Get a Variable Value

Call get() to retrieve the value from a specific variable:

let maxBytes = try conf.get("receive.message.max.bytes")
// maxBytes would be "100000000" by default

Set a Variable with New Value

Call set() to save settings for a specific variable:

// this will restrict message receiving buffer to 1MB
try conf.set("receive.message.max.bytes", "1048576")

Producer

Perfect-Kafka provides a Producer class to send data / message to Kafka hosts. Producer can send a message one at a time, or sent multiple messages in a batch. Messages can be either text string or binary bytes.

let producer = try Producer("VideoTest")
let brokers = producer.connect(brokers: "host:9092")
if brokers > 0 {
  let _ = try producer.send(message: "hello, world!")
}

Before sending any actual messages, a few steps are required to setup the connection to Kafka hosts.

Producer Instance with a Topic

To initialize a Producer instance, a topic name is required no matter whether this topic exists in the Kafka hosts or not.

If the topic didn't exist when connected to Kafka hosts / brokers, Producer() would try to create a new one; Otherwise it would use the existing topic for further operations.

For example, the demo below shows how to start a producer with a topic named "VideoTest":

let producer = try Producer("VideoTest")

Connect to Brokers

Use method connect() to connect to one or more message brokers, i.e., Kafka hosts ( host and port ):

let brokers = producer.connect(brokers: "host1:9092,host2:9092,host3:9092")

If success, it will return the number of hosts that connected.

Alternatively, it is also possible to connect to brokers by different parameter fashions, take example, hosts can be an array of string:

let brokers = producer.connect(brokers: ["host1:9092", "host2:9092", "host3:9092"])

or dictionary: swift let brokers = producer.connect(brokers: ["host1": 9092, "host2": 9092, "host3": 9092])

Send Messages

Perfect Kafka allows to send either text or binary messages to brokers one at a time or in a batch.

Method|Description|Returns ------|-----------|------- send(message: String, key: String? = nil)|a text message with an optional key to send|an Int64 message id send(message: [Int8], key: [Int8] = [])|a binary message with an optional key to send|an Int64 message id send(messages: [(String, String?)])|text messages with optional keys in an array|[Int64] message IDs for each message send(messages: [([Int8], [Int8])])|binary messages with optional keys in an array|[Int64] message IDs for each message

Sent or Not

Perfect Kafka send() is asynchronous function so the library provides a few extra methods to determine the sending status of each message.
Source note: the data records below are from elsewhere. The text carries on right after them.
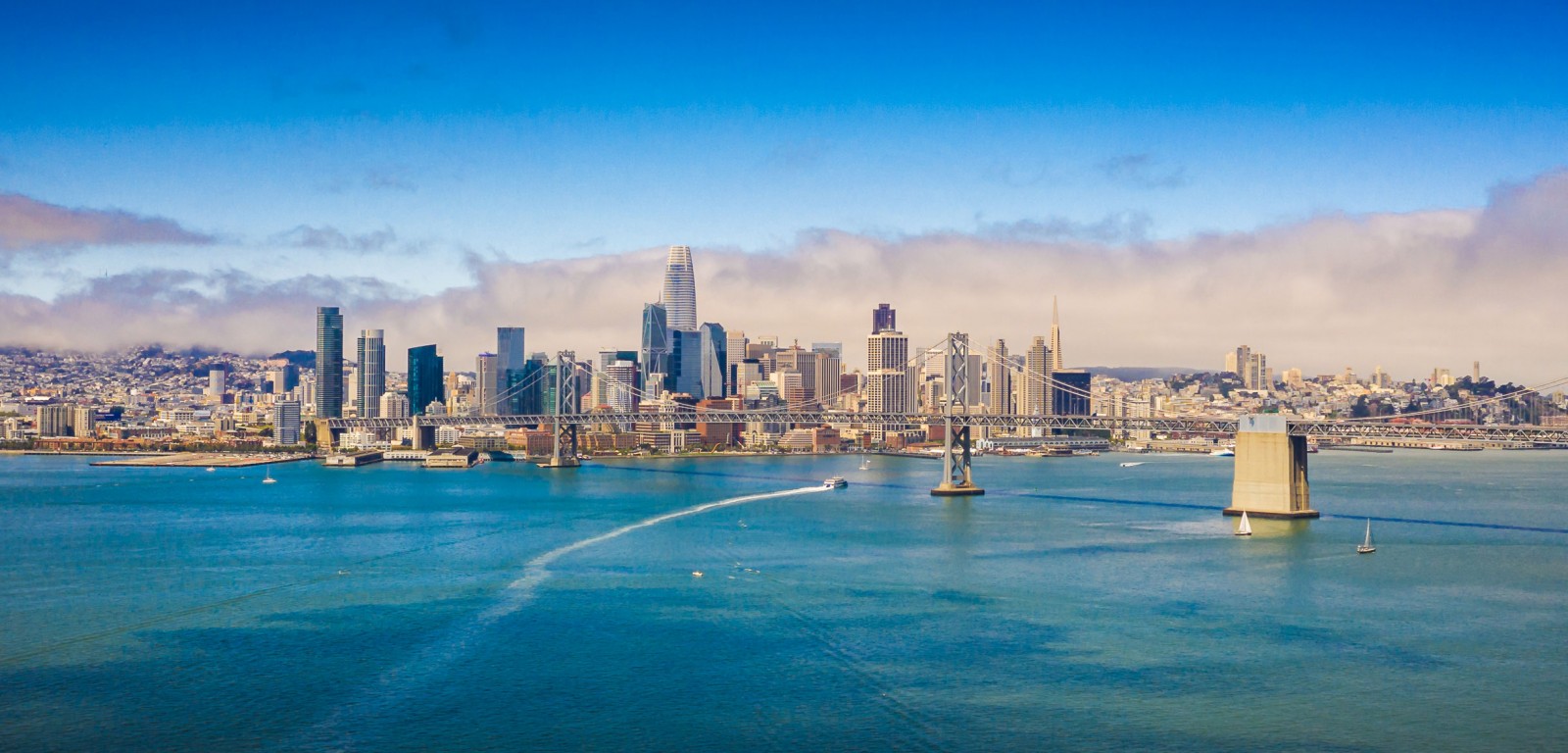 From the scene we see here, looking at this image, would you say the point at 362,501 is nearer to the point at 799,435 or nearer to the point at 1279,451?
the point at 1279,451

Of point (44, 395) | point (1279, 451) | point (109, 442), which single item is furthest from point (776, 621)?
point (44, 395)

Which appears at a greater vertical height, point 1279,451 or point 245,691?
point 1279,451

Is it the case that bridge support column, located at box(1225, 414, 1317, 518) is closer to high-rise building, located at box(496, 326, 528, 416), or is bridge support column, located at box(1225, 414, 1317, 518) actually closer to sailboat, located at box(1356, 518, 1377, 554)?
sailboat, located at box(1356, 518, 1377, 554)

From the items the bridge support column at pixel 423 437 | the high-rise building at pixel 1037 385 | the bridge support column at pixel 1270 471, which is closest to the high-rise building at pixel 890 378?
the high-rise building at pixel 1037 385

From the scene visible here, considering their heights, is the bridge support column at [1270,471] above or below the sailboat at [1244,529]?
above

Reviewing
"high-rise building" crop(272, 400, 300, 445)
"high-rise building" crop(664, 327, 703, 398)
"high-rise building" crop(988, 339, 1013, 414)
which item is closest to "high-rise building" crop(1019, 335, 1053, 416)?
"high-rise building" crop(988, 339, 1013, 414)

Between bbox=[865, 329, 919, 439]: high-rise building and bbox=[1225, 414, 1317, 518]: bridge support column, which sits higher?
bbox=[865, 329, 919, 439]: high-rise building

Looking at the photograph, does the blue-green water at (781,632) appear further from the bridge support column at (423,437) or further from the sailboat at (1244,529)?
the bridge support column at (423,437) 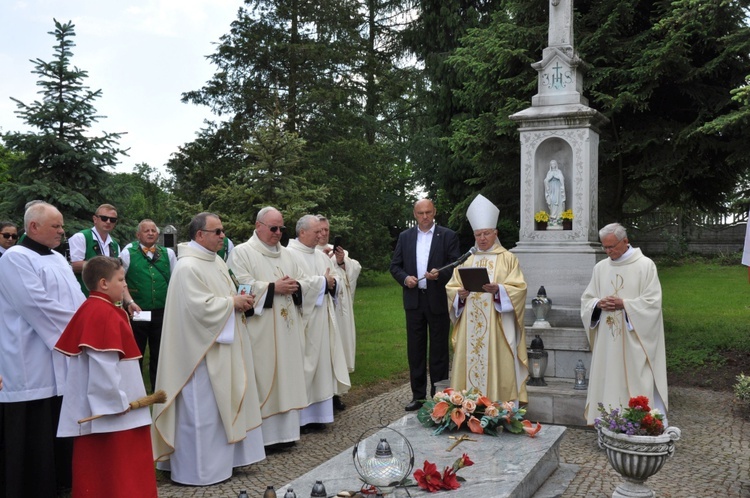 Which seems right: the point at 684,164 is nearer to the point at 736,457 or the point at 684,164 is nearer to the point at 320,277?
the point at 736,457

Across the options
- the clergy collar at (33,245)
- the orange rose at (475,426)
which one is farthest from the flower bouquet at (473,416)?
the clergy collar at (33,245)

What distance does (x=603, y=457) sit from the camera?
239 inches

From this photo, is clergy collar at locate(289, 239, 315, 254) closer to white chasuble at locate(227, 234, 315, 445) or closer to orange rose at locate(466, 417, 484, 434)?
white chasuble at locate(227, 234, 315, 445)

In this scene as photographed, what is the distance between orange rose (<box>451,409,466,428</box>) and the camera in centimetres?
544

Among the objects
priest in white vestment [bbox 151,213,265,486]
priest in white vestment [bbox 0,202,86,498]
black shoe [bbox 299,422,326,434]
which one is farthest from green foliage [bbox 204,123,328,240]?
priest in white vestment [bbox 0,202,86,498]

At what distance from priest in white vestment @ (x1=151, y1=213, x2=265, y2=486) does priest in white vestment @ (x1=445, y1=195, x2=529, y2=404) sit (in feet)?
8.49

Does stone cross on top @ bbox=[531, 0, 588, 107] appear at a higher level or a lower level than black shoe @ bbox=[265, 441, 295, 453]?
higher

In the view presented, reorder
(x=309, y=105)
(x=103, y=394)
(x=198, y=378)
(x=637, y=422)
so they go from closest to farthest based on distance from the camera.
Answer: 1. (x=103, y=394)
2. (x=637, y=422)
3. (x=198, y=378)
4. (x=309, y=105)

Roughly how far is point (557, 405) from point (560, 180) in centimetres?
287

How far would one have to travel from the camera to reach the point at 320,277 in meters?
7.03

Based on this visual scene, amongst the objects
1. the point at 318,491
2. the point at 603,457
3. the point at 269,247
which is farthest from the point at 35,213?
the point at 603,457

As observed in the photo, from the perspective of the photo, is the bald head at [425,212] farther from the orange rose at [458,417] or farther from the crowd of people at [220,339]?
the orange rose at [458,417]

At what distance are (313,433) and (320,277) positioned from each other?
5.20ft

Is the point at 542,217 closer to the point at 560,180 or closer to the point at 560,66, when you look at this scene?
the point at 560,180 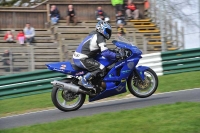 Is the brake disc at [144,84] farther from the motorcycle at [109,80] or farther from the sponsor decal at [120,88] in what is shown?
the sponsor decal at [120,88]

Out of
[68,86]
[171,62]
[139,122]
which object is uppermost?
[171,62]

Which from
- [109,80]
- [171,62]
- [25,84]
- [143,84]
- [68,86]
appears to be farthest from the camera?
[171,62]

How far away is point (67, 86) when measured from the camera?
996 centimetres

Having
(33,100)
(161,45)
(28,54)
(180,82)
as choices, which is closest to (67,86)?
(33,100)

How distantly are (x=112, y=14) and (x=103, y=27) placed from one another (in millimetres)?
13543

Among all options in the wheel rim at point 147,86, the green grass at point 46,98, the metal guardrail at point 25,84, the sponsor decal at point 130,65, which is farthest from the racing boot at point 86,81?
the metal guardrail at point 25,84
  • OnSent() callback. If set properly, each message will call this event once actually sent. For example: producer.OnSent = { print("msg #\($0) was sent") }. The only parameter of this event is the Int64 message id returned by send().

  • producer.outbox is an [Int64] array to indicate the messages in sending queue. NOTE As a high performant streaming platform, the existence of messages in outbox doesn't mean that they were failed to send, so don't try to resend these message unless it was explicitly confirmed that they were failed to send.

  • OnError() callback. Producer will call this event if something wrong, e.g., producer.OnError = { print("error: \($0)") } will print out the error message if happen.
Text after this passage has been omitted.